Başkan Helvacıoğlu, önce anlattı sonra dinledi
Keşan Belediyesi, Erikli sakinleri ile 22 Temmuz 2020 Çarşamba günü buluşma toplantısı gerçekleştirdi.
Erikli Çay Bahçesi’nde gerçekleştirilen ve saat 21.00’de başlayan toplantıya; Keşan Belediye Başkanı Mustafa Helvacıoğlu, Başkan Yardımcıları Yakup Balcı, Mustafa Altay, Ali Yılmaz, Mahmut Yıldırır, Belediye Meclisi Üyeleri Nehir Gergin, Şafak Uslu, Tarık Uysal, Belediye Birim Amirleri ve Erikli sakinleri katıldı.
Mustafa Helvacıoğlu toplantıyı, Pınar Gültekin‘in vahşice katledilmesini kınayarak, ülkemizde bir daha kadın cinayetini yaşanmamasını dileyerek ve 22 Temmuz 2012 tarihinde Diyarbakır’ın Ergani ilçesinde PKK’lı teröristler tarafından şehit edilen Özel Harekat Polisi Ahmet Can‘ı anarak açtı.
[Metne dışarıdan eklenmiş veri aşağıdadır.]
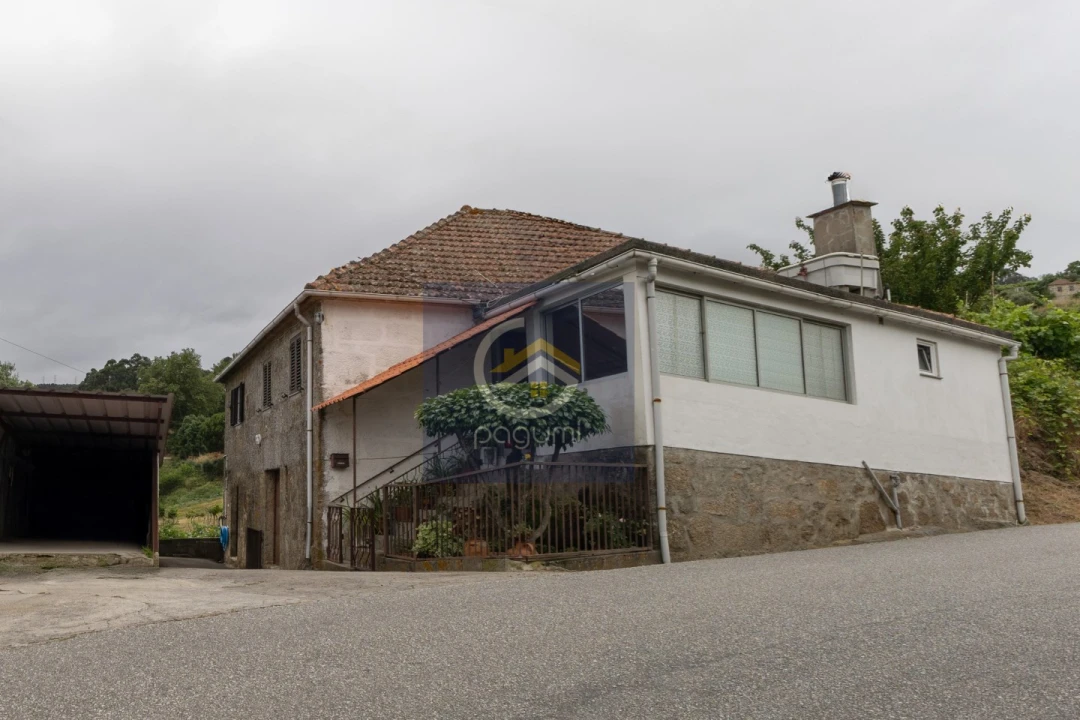Moradia T5 para Venda em Santa Cruz do Douro e São Tomé de Covelas Foto 9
“Normalleşme sürecinde; duran, aksayan ve yavaşlayan hizmetleri birer birer gözden geçiriyoruz”
Toplantıda konuşan Mustafa Helvacıoğlu, “Salgın sebebiyle sosyal mesafeye ve kurallara uyduğunuz için de ayrıca teşekkür ediyorum. Bugün aramıza aracı ve engel koymuyoruz. Bugün herkesi can kulağı ile dinlemeye geldik. Sizlerin sesi duyulsun, taleplerinize çözüm bulunsun ve hizmete hızlı ulaşılsın diye bugün bir aradayız. Bilindiği üzere bir salgın süreci yaşıyoruz. Dünya kabuğuna çekildi, ne ihale yapabildik ne proje hazırlayabildik. Toplantılar, gündemler iptal oldu. 2 kişi bir araya gelemedik. Baba-oğul, ana-kız sarılamadık. Dede-torun aylarca birbirini göremedi. Sizler de evlerinizden çıkamadınız ama bizler hizmet anlamında hiçbir zaman salgını bahane ederek evlerimizde oturmadık. Bu süreçte belediyemizin asıl hizmet, Keşan merkezde yoğunlaştı. Çünkü siz kıymetli sakinlerimiz buralarda değildiniz. Keşan’da 3 ay boyunca halkımızın sağlığı için çabaladık ve Trakya’nın en iyi mücadele eden belediyeleri arasında yer aldık. Sahillerimizin sezon hazırlığı da bu sürece denk geldi. Şimdi yeni normalleşme sürecinde; duran, aksayan ve yavaşlayan hizmetleri birer birer gözden geçiriyoruz.” dedi.
“Hazırlık yapacağımız bahar dönemini, salgın mücadelesi ile geçirdik”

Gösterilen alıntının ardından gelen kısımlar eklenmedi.